3) Prepara come misurerai i risultati. Stabilisci una baseline (valore di partenza con cui confrontarsi) e un golden set (campione di test di riferimento, uguale per tutti e non modificabile). Così le proposte si possono comparare in modo equo e trasparente. Decidi poche metriche (numeri che indicano la qualità), ad esempio tempo di esecuzione, accuratezza, costo.
4) Organizza tre ruoli interni, chiari e visibili. Devi individuare l’Owner (responsabile del problema), che custodisca requisiti, dati e tempi. Occorre lo Sponsor (decisore con budget e potere di sblocco), che eviti i colli di bottiglia e garantisce priorità e serve un Panel (gruppo di valutazione tecnica), che giudichi in base alle metriche, non alle simpatie.
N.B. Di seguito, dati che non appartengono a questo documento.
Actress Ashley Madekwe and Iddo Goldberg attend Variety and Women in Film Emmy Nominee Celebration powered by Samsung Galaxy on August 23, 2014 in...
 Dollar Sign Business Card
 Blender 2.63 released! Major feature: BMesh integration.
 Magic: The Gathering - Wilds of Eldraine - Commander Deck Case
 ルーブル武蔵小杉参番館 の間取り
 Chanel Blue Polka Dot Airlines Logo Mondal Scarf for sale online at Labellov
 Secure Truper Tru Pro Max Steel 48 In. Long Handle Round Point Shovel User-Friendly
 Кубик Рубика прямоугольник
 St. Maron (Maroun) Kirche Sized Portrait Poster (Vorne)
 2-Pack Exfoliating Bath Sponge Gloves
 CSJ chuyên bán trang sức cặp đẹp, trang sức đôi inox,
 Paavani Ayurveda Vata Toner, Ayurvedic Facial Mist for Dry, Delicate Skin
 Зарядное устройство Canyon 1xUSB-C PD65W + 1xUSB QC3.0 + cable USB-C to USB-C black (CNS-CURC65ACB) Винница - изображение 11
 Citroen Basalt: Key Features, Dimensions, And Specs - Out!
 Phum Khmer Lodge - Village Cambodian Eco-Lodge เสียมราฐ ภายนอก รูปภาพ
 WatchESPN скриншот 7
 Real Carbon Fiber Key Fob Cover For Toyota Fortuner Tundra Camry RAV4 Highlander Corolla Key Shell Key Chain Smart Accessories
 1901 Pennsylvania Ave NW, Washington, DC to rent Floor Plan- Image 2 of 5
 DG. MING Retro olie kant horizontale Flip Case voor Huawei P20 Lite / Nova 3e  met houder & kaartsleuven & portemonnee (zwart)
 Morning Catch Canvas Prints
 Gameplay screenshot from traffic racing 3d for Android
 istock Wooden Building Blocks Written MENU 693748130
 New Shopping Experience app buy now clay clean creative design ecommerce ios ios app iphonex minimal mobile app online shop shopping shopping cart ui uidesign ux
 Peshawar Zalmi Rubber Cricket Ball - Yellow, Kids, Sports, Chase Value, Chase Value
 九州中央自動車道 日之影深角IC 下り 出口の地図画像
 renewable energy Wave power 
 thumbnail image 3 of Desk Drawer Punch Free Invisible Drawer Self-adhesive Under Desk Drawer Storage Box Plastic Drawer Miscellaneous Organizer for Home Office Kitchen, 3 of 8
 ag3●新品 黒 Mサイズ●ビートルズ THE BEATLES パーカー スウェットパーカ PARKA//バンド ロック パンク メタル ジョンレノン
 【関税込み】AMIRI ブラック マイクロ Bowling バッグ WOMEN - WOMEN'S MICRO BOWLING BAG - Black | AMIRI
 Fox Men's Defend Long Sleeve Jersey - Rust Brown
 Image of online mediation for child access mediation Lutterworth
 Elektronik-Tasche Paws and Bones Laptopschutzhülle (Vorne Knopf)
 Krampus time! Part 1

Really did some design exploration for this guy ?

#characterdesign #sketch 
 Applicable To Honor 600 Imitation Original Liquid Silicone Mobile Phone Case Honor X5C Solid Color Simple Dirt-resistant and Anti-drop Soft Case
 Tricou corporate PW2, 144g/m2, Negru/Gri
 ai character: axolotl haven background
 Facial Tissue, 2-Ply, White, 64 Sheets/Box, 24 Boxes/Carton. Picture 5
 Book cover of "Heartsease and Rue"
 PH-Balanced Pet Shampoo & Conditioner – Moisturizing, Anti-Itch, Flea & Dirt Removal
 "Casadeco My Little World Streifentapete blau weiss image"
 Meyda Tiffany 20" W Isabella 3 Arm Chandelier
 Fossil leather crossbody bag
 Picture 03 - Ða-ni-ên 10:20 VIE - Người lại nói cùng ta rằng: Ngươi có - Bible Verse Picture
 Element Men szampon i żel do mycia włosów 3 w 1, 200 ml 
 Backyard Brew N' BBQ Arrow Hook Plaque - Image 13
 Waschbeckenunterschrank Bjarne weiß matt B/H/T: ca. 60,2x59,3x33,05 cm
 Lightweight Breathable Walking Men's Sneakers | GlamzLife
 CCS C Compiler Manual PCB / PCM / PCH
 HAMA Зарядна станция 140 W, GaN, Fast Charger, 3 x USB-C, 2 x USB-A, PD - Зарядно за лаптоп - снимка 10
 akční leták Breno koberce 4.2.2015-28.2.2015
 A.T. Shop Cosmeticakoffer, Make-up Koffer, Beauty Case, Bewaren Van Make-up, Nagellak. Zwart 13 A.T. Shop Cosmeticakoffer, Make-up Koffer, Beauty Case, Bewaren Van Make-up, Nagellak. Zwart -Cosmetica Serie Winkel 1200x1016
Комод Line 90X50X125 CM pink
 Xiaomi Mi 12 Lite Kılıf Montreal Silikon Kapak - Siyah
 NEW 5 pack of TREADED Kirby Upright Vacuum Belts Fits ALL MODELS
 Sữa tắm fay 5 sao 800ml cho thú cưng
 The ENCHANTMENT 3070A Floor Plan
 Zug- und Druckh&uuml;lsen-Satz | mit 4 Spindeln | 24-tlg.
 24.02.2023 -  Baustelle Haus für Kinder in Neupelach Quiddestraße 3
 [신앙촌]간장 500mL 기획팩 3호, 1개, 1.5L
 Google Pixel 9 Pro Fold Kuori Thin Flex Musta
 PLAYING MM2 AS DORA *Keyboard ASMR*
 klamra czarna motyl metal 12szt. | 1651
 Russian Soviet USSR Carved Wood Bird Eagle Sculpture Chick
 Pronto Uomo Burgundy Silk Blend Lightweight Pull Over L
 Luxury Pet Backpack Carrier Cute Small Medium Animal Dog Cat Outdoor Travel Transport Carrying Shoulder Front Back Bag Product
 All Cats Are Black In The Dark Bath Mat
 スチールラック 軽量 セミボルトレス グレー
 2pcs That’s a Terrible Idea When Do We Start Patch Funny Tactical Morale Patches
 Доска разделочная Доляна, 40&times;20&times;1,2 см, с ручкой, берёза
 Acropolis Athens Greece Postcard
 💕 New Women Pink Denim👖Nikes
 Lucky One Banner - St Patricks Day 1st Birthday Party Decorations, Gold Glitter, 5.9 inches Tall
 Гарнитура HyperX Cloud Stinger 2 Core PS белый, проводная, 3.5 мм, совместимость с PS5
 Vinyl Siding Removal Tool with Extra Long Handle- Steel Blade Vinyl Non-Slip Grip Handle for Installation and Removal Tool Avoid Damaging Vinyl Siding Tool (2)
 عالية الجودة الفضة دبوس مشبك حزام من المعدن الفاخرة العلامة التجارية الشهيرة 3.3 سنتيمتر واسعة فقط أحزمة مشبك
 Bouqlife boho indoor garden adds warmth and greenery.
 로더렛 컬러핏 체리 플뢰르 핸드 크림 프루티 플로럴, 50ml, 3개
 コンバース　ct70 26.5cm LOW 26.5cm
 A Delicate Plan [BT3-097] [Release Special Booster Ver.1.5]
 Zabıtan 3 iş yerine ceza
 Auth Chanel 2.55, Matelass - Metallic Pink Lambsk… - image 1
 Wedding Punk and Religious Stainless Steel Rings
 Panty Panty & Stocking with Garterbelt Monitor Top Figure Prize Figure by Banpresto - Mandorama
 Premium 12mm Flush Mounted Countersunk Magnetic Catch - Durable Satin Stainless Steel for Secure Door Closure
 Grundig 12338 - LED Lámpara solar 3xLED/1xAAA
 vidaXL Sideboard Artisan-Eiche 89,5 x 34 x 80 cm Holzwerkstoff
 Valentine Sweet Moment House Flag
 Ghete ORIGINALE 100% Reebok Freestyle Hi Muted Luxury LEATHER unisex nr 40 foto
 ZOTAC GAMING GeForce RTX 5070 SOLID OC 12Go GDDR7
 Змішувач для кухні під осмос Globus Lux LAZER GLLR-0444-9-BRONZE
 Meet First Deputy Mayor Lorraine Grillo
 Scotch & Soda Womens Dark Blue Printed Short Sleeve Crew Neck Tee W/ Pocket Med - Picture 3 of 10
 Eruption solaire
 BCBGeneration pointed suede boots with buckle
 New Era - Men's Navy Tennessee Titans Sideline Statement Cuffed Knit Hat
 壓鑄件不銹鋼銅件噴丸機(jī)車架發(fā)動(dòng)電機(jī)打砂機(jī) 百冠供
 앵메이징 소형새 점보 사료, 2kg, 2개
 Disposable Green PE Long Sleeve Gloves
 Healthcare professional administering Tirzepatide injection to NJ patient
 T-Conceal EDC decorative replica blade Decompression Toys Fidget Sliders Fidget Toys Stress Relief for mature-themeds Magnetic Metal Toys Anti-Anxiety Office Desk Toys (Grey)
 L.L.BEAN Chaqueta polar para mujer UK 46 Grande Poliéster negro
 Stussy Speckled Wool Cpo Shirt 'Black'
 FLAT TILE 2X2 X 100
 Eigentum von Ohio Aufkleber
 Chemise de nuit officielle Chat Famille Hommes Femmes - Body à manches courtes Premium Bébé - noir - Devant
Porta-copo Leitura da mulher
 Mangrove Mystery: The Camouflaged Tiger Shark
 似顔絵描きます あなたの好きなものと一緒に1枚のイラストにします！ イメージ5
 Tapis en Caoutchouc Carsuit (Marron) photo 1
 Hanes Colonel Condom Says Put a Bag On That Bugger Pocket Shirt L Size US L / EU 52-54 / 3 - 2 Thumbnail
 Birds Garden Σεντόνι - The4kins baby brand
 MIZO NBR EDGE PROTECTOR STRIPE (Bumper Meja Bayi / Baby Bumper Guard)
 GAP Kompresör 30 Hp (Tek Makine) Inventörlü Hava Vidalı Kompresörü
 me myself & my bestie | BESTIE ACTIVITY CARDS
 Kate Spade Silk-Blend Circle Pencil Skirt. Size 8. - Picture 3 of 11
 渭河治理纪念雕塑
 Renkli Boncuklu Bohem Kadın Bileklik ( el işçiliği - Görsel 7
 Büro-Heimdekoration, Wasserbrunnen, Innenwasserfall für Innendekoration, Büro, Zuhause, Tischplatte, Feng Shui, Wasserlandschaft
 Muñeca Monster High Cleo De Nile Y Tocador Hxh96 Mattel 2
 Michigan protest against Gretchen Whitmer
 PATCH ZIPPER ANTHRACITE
5) Dai ai partecipanti strumenti semplici e uguali per tutti. Apri un canale di Q&A dove chiarire dubbi in pubblico; pubblica un regolamento breve e leggibile; specifica la tua policy su dati e privacy e eventuale riuso delle informazioni.
6) Scegli una finestra di tempo realistica. Da un minimo di 3 ad un massimo di 8 settimane abbiamo il range giusto per una prima gara. Troppo breve crea confusione, troppo lunga disperde l’attenzione. Prevedi due o tre checkpoint con feedback uguale per tutti, così i partecipanti migliorano al passo giusto.
7) Pianifica prima l’adozione, non dopo. Scrivi dove finirà la soluzione migliore che emergerà: in quale processo, con quale budget, chi la integra e quando. Specifica se stai organizzando qualcosa destinata alla produzione o alla prototipazione.
8) Misura ciò che conta davvero. Oltre alla classifica, registra: quante proposte sono buone, quale è best-in-class, quanto tempo e denaro avete risparmiato, quali componenti potete riutilizzare. Questo fa cultura e rende il programma credibile.
9) Capitalizza i successi iniziali. Le early wins sono piccoli risultati che dimostrano valore subito: se ottieni un algoritmo che riduce un passaggio manuale o un prototipo che fa risparmiare minuti di lavoro ogni giorno, raccontali e falli adottare: attireranno nuovi sponsor e nuovi partecipanti.
10) Ripeti e alza lo standard, un passo alla volta. Dopo la prima esperienza, perfeziona il brief (documento d’incarico), pulisci i dati, rendi le metriche ancora più aderenti al business. Ogni ciclo deve lasciare l’azienda un po’ più preparata, anche se la soluzione ottimale non si ottiene subito.
Persone al centro: engagement, apprendimento, attrattività
L’open innovation ben progettata non consuma le persone: le allena. Allena i team interni a porre domande chiare, a valutare senza bias (pregiudizi), a confrontarsi con pari esterni senza sentirsi minacciati. Allena l’organizzazione a muoversi per prodotto (con ciclo di vita e utenti) più che per progetto (con inizio e fine), perché ciò che arriva dalla crowd deve trovare un posto stabile nei processi. E allena il mercato del talento a riconoscere l’azienda come datore di lavoro preferito: il luogo in cui si lanciano sfide vere e il lavoro atterra in produzione. È employer branding e che vale più di mille claim.
Conclusioni
In un mondo di problemi complessi, senza soluzione unica ottimale (si pensi a clima, salute, digitalizzazione) la crowd non significa affidarsi ad un network, perché nella rete le risposte si trovano sembre: è invece una forma di varietà organizzata al servizio di strategie chiare. Chi governa bene questa varietà accelera davvero. Il consiglio operativo è semplice: partire ora, su un problema preciso, con standard alti e con spiegazioni chiare di ogni termine tecnico. L’innovazione non è più elitaria: è crowd-powered. E le aziende capaci di orchestrarla uniscono ciò che conta: performance, benessere, apprendimento continuo e attrattività.